● How to complete this task
Transcribe the listing underneath, keeping each word exact and omitting the images.

● The data
========================================

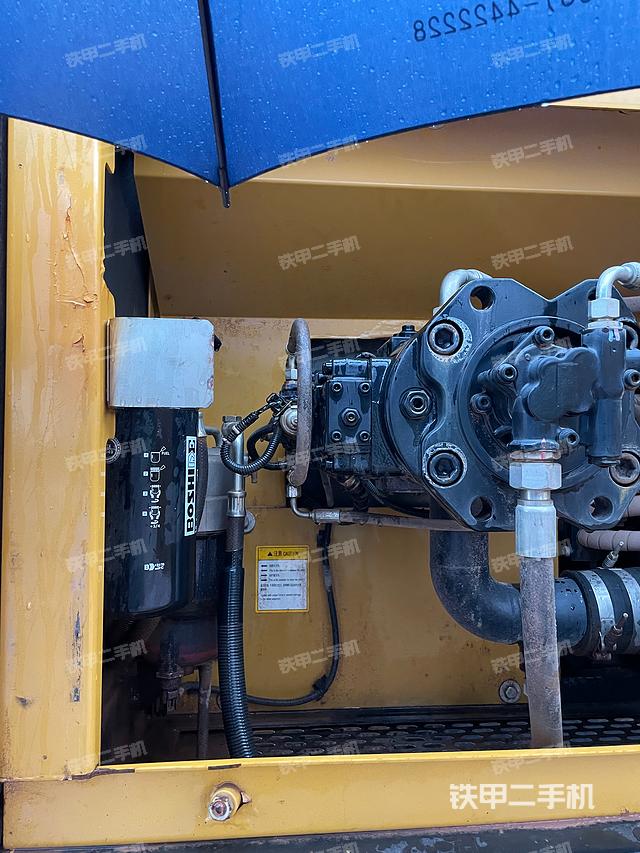 液压泵舱室正面整体（整机外观）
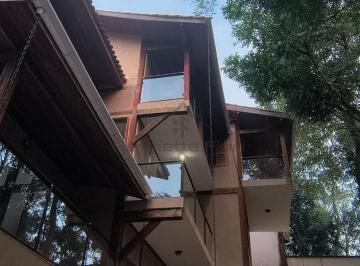 0 · Casa nova com 3 suítes em condomínio fechado na Serra da Cantareira.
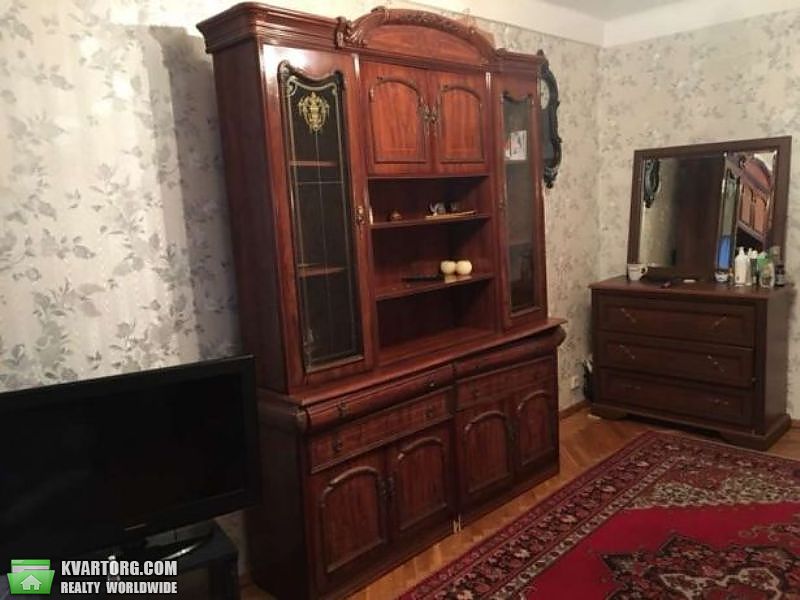Sell 3-room apartment. Киев,  Энтузиастов — photo 1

========================================

● Output below
 液压泵舱室正面整体（整机外观）
 0 · Casa nova com 3 suítes em condomínio fechado na Serra da Cantareira.
Sell 3-room apartment. Киев,  Энтузиастов — photo 1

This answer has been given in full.